Eu evito as longas horas, mesmo para funcionários com contratos em que horas extras estão inclusas, mantenho escala partida com maiores intervalos de descanso, ou pausas, mesmo que curtas, ao longo de um dia de trabalho. Enfatizo sua importância dentro da equipe; incentivo a terem amigos ou família jantando conosco porque eles merecem se sentir orgulhoso por seu trabalho. Tento ao máximo agendar os dias de folga que coincidam com sua preferência ou compromissos da vida pessoal e não apenas impor o que cabe no calendário.
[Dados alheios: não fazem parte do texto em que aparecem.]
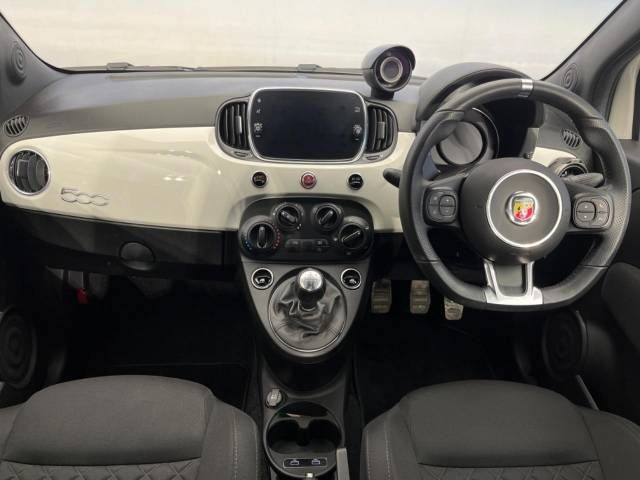 Abarth 595 2020-12 185612-1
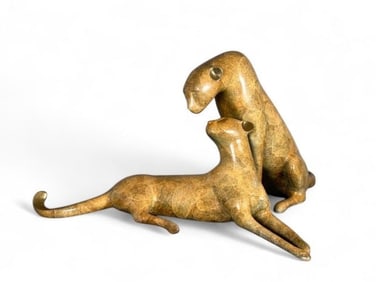 Loet Vanderveen Bronze, "Cheetah Couple"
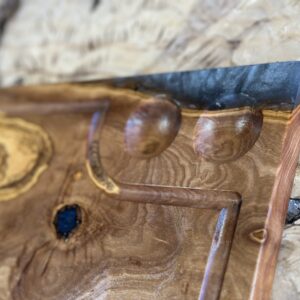 ‎בוצ'ר מעץ זית בשילוב אפוקסי 
עם חריטה ומקום  למלח פלפל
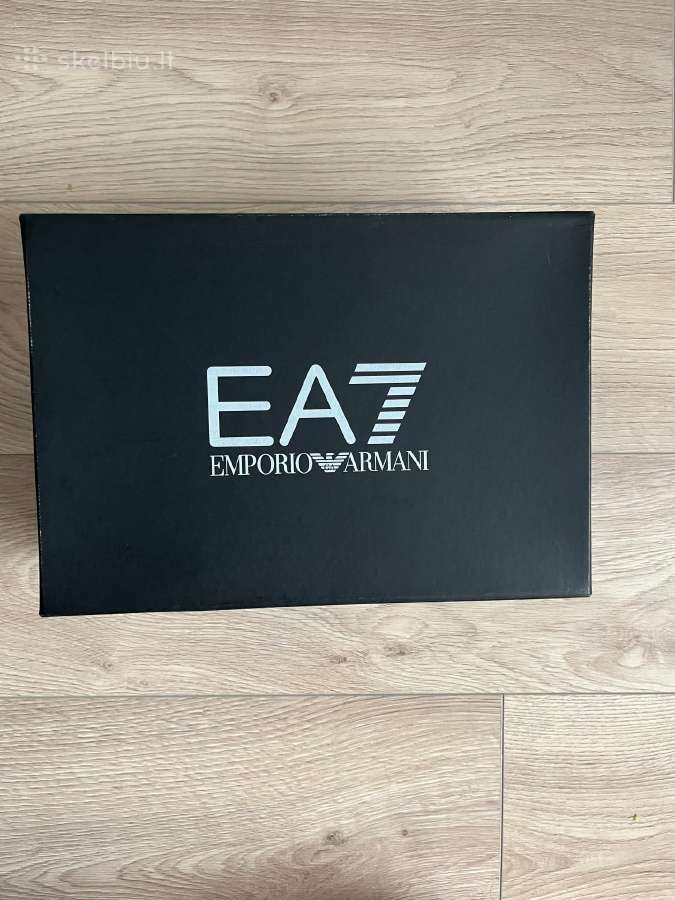 Emporio Armani kėdai - nuotraukos Nr. 6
Eu faço um quizz diário com fatos, técnicas ou histórias gastronômicas que, além de divertido, atiça a curiosidade de aprender mais porque estudos e desenvolvimento pessoal eu acho muito valido. E por fim, negociar a distribuição das gorjetas da maneira mais justa possível, afinal a gente não vive só de amor pela profissão.
Que dicas ou orientações você daria a chefs e restauranteurs para que consigam construir um ambiente saudável, de compreensão e diálogo nas equipes que lideram? E de que forma você entende que um ambiente saudável acaba refletindo no resultado final, na entrega da refeição ao cliente?
Apesar de olhar para cada pessoa individualmente, com suas próprias características, é importante entender que trabalho e relações pessoais devem ser duas coisas distintas. Por exemplo, não promover quem tem mais habilidade, mas sim a pessoa com que o encarregado da promoção tem mais afinidade, nunca favorece o grupo. Dividir conhecimento, incentivo aos estudo e tratar seus funcionários com respeito é fundamental. Acredito sim que o cliente percebe quando, nos bastidores, as coisas não vão bem. Se um garçom esquece de pedir um prato, a ideia é que seja preparado mais rápido possível, mas se há alguma desavença pessoal, as chances são [maiores] de que o cozinheiro coloque-o no final da lista, afinal não foi ele quem esqueceu.